Kamu pernah membayangkan, di balik aroma tumisan pagi dan suara sendok di dapur, ada jihad sunyi yang tak pernah disorot kamera? Jihad ini bukan tentang perang, melainkan perjuangan harian seorang ibu—atau siapa pun yang mengasuh anak—untuk memastikan generasi masa depan tumbuh sehat dan kuat. Di Hari Anak Nasional, mari kita refleksikan jihad sunyi di dapur: menyelamatkan anak dari stunting.
Tumbuh Kembang: Antara Cinta dan Tantangan
Bagi seorang ibu bernama Sari, membesarkan putrinya, Siera, adalah perjalanan penuh cinta sekaligus ujian. Sejak hamil, Sari dan suami berkomitmen untuk membersamai tumbuh kembang Siera. Meski keduanya bekerja, mereka berbagi peran, bukan sekadar “membantu”. Sari berjuang memberikan ASI eksklusif, didukung suami yang setia menemani konsultasi laktasi. Namun, jalan tak selalu mulus. Berat badan Siera sempat melambat, membuat Sari cemas dan harus lebih telaten memperbaiki pola asuh dan nutrisi.
Dialog batin Sari kerap terjadi. “Sudah cukupkah usahaku? Apakah Siera akan tumbuh optimal?” Setiap malam, ia menyiapkan menu sederhana: telur omega, ayam kampung, ikan kembung, dan sayur-mayur. Ia sadar, stunting bukan sekadar soal ekonomi, tapi juga soal kesadaran dan komitmen. Memberi makan anak bukan hanya mengenyangkan, tapi menyiapkan masa depan.
Stunting: Bukan Hanya Angka
Stunting sering dianggap masalah keluarga miskin. Padahal, ia juga soal literasi gizi dan pola asuh. Sari belajar dari dokter anak, bahwa perbaikan nutrisi dan konsistensi pola makan adalah kunci. Setiap piring yang ia siapkan untuk Siera adalah investasi masa depan. Ia mengurangi makanan instan, memastikan jadwal makan teratur, dan memantau tumbuh kembang dengan sabar.
Islam mengajarkan, anak adalah amanah.
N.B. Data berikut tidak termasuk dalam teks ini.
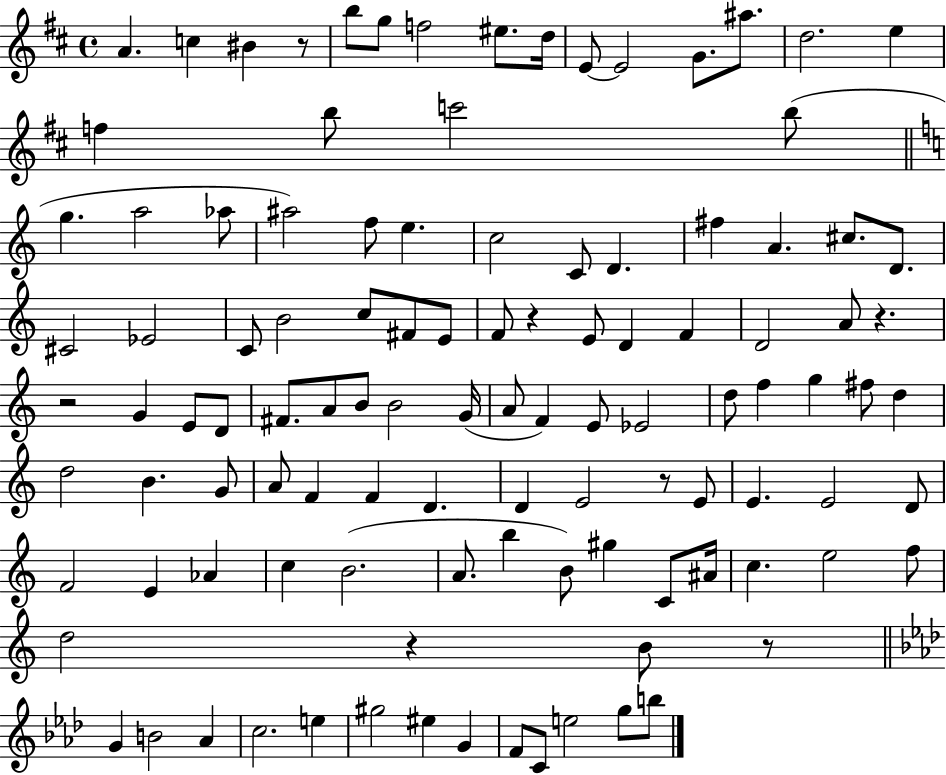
X:1
T:Untitled
M:4/4
L:1/4
K:D
A c ^B z/2 b/2 g/2 f2 ^e/2 d/4 E/2 E2 G/2 ^a/2 d2 e f b/2 c'2 b/2 g a2 _a/2 ^a2 f/2 e c2 C/2 D ^f A ^c/2 D/2 ^C2 _E2 C/2 B2 c/2 ^F/2 E/2 F/2 z E/2 D F D2 A/2 z z2 G E/2 D/2 ^F/2 A/2 B/2 B2 G/4 A/2 F E/2 _E2 d/2 f g ^f/2 d d2 B G/2 A/2 F F D D E2 z/2 E/2 E E2 D/2 F2 E _A c B2 A/2 b B/2 ^g C/2 ^A/4 c e2 f/2 d2 z B/2 z/2 G B2 _A c2 e ^g2 ^e G F/2 C/2 e2 g/2 b/2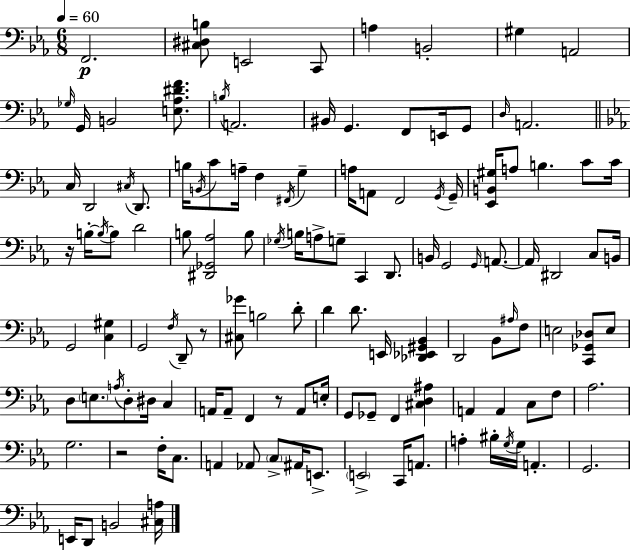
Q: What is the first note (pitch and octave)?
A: F2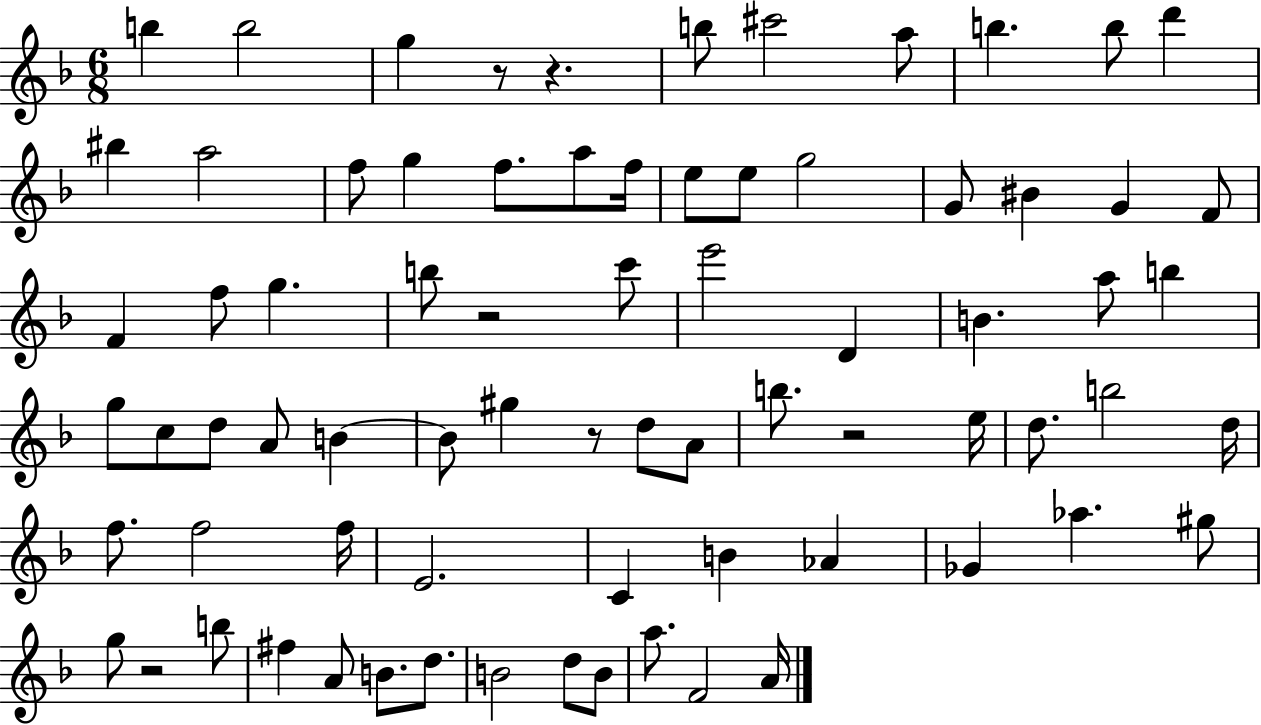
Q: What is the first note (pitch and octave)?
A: B5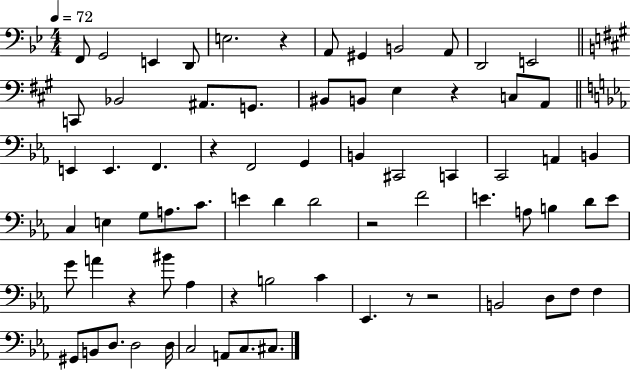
F2/e G2/h E2/q D2/e E3/h. R/q A2/e G#2/q B2/h A2/e D2/h E2/h C2/e Bb2/h A#2/e. G2/e. BIS2/e B2/e E3/q R/q C3/e A2/e E2/q E2/q. F2/q. R/q F2/h G2/q B2/q C#2/h C2/q C2/h A2/q B2/q C3/q E3/q G3/e A3/e. C4/e. E4/q D4/q D4/h R/h F4/h E4/q. A3/e B3/q D4/e E4/e G4/e A4/q R/q BIS4/e Ab3/q R/q B3/h C4/q Eb2/q. R/e R/h B2/h D3/e F3/e F3/q G#2/e B2/e D3/e. D3/h D3/s C3/h A2/e C3/e. C#3/e.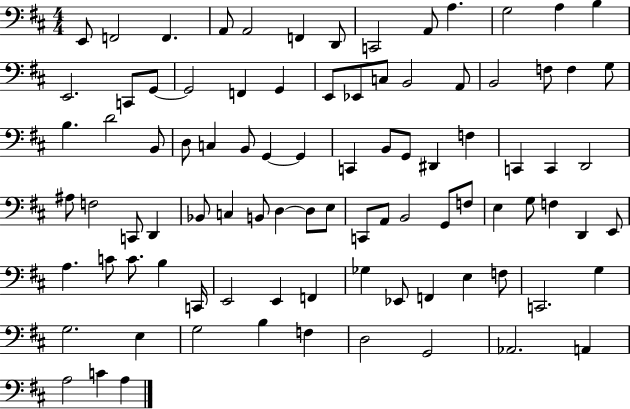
X:1
T:Untitled
M:4/4
L:1/4
K:D
E,,/2 F,,2 F,, A,,/2 A,,2 F,, D,,/2 C,,2 A,,/2 A, G,2 A, B, E,,2 C,,/2 G,,/2 G,,2 F,, G,, E,,/2 _E,,/2 C,/2 B,,2 A,,/2 B,,2 F,/2 F, G,/2 B, D2 B,,/2 D,/2 C, B,,/2 G,, G,, C,, B,,/2 G,,/2 ^D,, F, C,, C,, D,,2 ^A,/2 F,2 C,,/2 D,, _B,,/2 C, B,,/2 D, D,/2 E,/2 C,,/2 A,,/2 B,,2 G,,/2 F,/2 E, G,/2 F, D,, E,,/2 A, C/2 C/2 B, C,,/4 E,,2 E,, F,, _G, _E,,/2 F,, E, F,/2 C,,2 G, G,2 E, G,2 B, F, D,2 G,,2 _A,,2 A,, A,2 C A,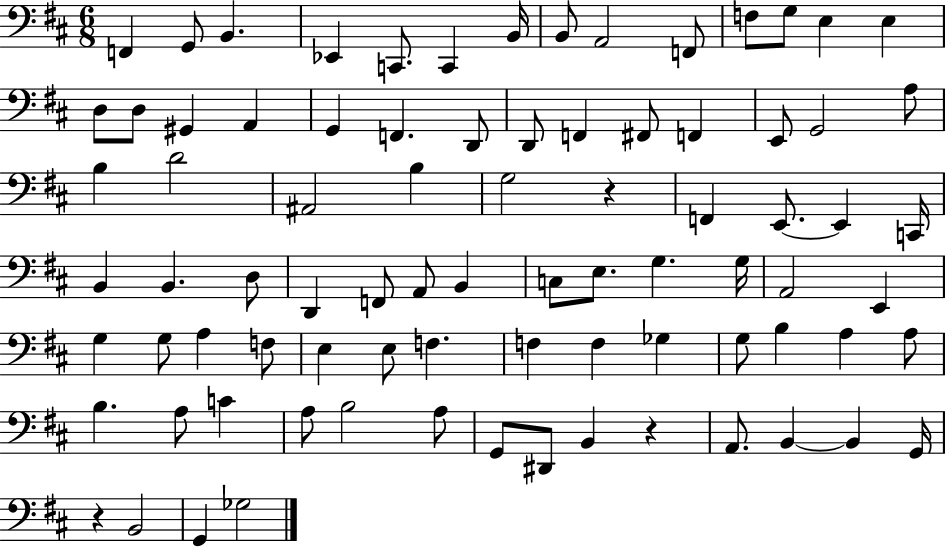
{
  \clef bass
  \numericTimeSignature
  \time 6/8
  \key d \major
  f,4 g,8 b,4. | ees,4 c,8. c,4 b,16 | b,8 a,2 f,8 | f8 g8 e4 e4 | \break d8 d8 gis,4 a,4 | g,4 f,4. d,8 | d,8 f,4 fis,8 f,4 | e,8 g,2 a8 | \break b4 d'2 | ais,2 b4 | g2 r4 | f,4 e,8.~~ e,4 c,16 | \break b,4 b,4. d8 | d,4 f,8 a,8 b,4 | c8 e8. g4. g16 | a,2 e,4 | \break g4 g8 a4 f8 | e4 e8 f4. | f4 f4 ges4 | g8 b4 a4 a8 | \break b4. a8 c'4 | a8 b2 a8 | g,8 dis,8 b,4 r4 | a,8. b,4~~ b,4 g,16 | \break r4 b,2 | g,4 ges2 | \bar "|."
}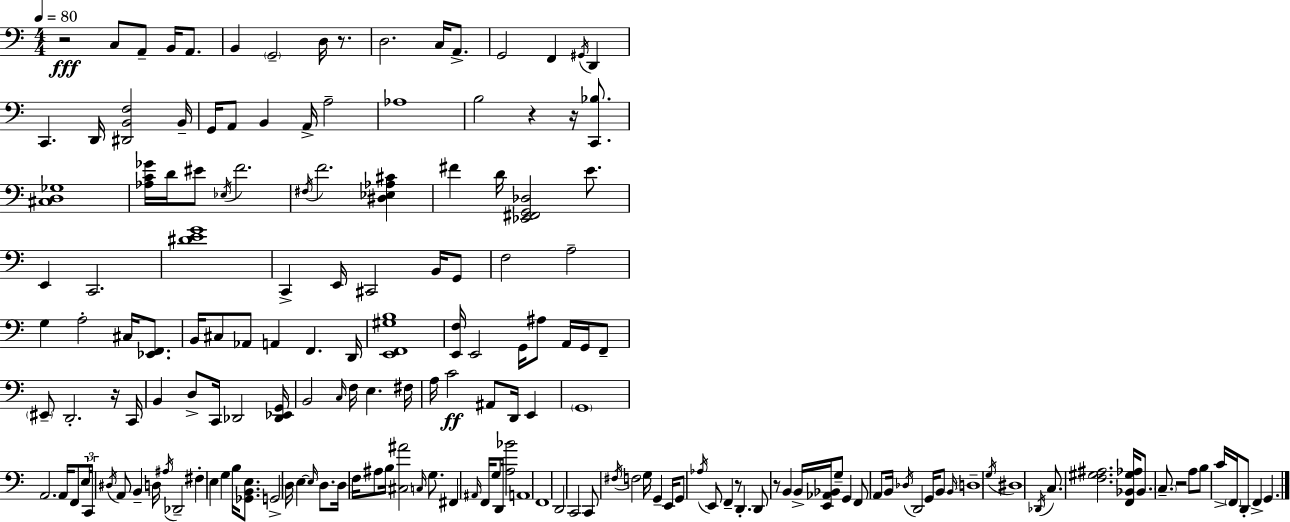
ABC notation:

X:1
T:Untitled
M:4/4
L:1/4
K:C
z2 C,/2 A,,/2 B,,/4 A,,/2 B,, G,,2 D,/4 z/2 D,2 C,/4 A,,/2 G,,2 F,, ^G,,/4 D,, C,, D,,/4 [^D,,B,,F,]2 B,,/4 G,,/4 A,,/2 B,, A,,/4 A,2 _A,4 B,2 z z/4 [C,,_B,]/2 [^C,D,_G,]4 [_A,C_G]/4 D/4 ^E/2 _E,/4 F2 ^F,/4 F2 [^D,_E,_A,^C] ^F D/4 [_E,,^F,,G,,_D,]2 E/2 E,, C,,2 [^DEG]4 C,, E,,/4 ^C,,2 B,,/4 G,,/2 F,2 A,2 G, A,2 ^C,/4 [_E,,F,,]/2 B,,/4 ^C,/2 _A,,/2 A,, F,, D,,/4 [E,,F,,^G,B,]4 [E,,F,]/4 E,,2 G,,/4 ^A,/2 A,,/4 G,,/4 F,,/2 ^E,,/2 D,,2 z/4 C,,/4 B,, D,/2 C,,/4 _D,,2 [_D,,_E,,G,,]/4 B,,2 C,/4 F,/4 E, ^F,/4 A,/4 C2 ^A,,/2 D,,/4 E,, G,,4 A,,2 A,,/4 F,,/2 E,/4 C,,/4 ^D,/4 A,,/2 B,, D,/4 ^A,/4 _D,,2 ^F, E, G, B,/4 [_G,,B,,E,]/2 G,,2 D,/4 E, E,/4 D,/2 D,/4 F,/4 ^A,/2 B,/4 [^C,^A]2 C,/4 G,/2 ^F,, ^A,,/4 F,,/4 G,/2 D,,/4 [A,_B]2 A,,4 F,,4 D,,2 C,,2 C,,/2 ^F,/4 F,2 G,/4 G,, E,,/4 G,,/2 _A,/4 E,,/2 F,, z/2 D,, D,,/2 z/2 B,, B,,/4 [E,,_A,,_B,,]/4 G,/2 G,, F,,/2 A,,/2 B,,/4 _D,/4 D,,2 G,,/4 B,,/2 B,,/4 D,4 G,/4 ^D,4 _D,,/4 C,/2 [F,^G,^A,]2 [F,,_B,,^G,_A,]/4 _B,,/2 C,/2 z2 A,/2 B,/2 C/4 F,,/4 D,,/2 F,, G,,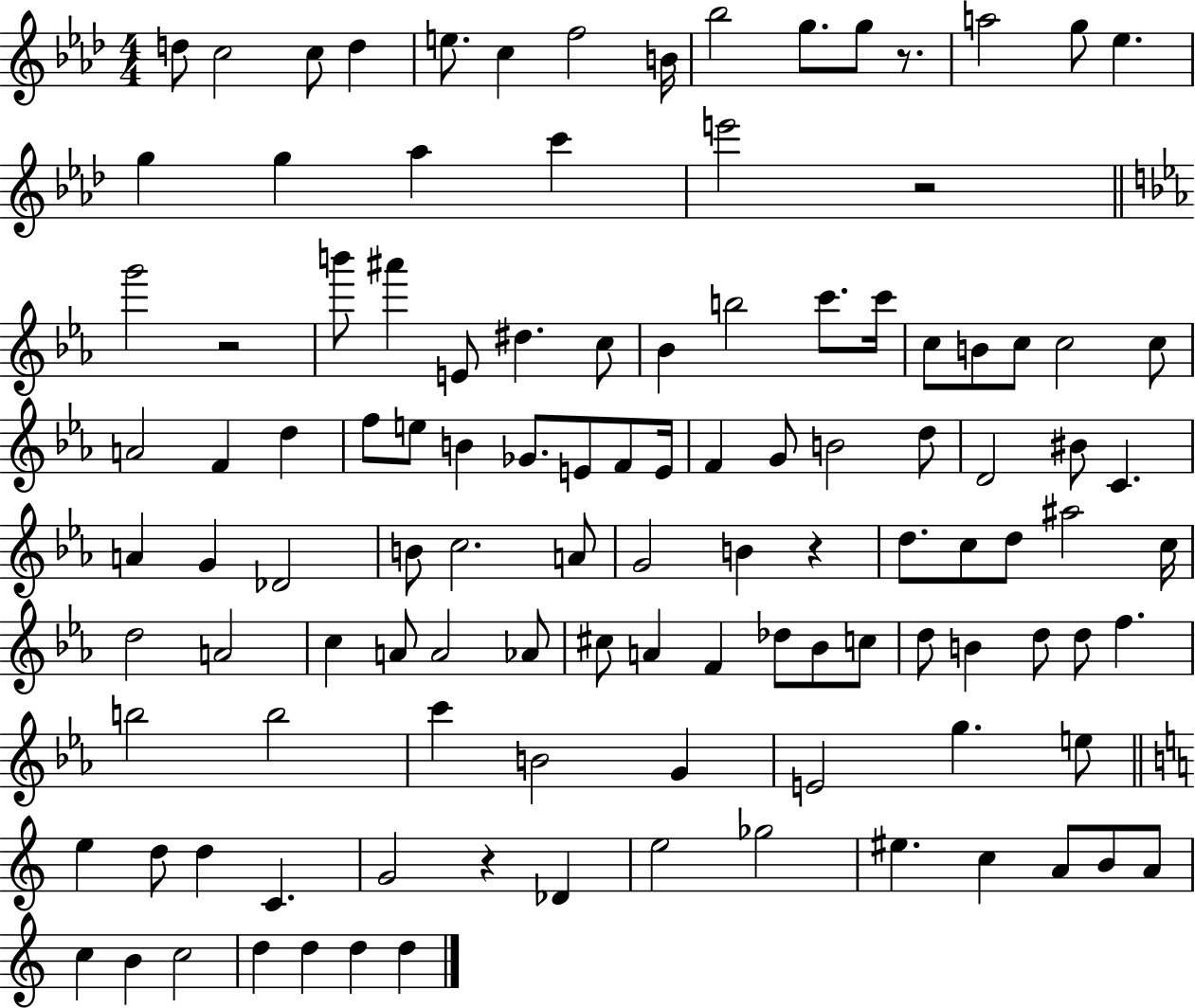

Rasulullah bersabda, “Setiap kalian adalah pemimpin, dan setiap kalian akan dimintai pertanggungjawaban atas yang dipimpinnya.” Merawat tumbuh kembang anak adalah jihad kecil, bukan sekadar tugas biologis, tapi juga moral dan spiritual.
Dari Dapur ke Masa Depan Bangsa
Apa yang ada di piring anak hari ini menentukan masa depan Indonesia. Anak yang cukup gizi akan tumbuh optimal secara fisik, mental, dan akhlak. Sebaliknya, stunting adalah wajah kegagalan kolektif. Survei Status Gizi Indonesia 2024 mencatat, 1 dari 5 anak Indonesia masih mengalami stunting. Pemerintah menargetkan penurunan, tapi tanpa peran keluarga dan masyarakat, angka itu sulit berubah.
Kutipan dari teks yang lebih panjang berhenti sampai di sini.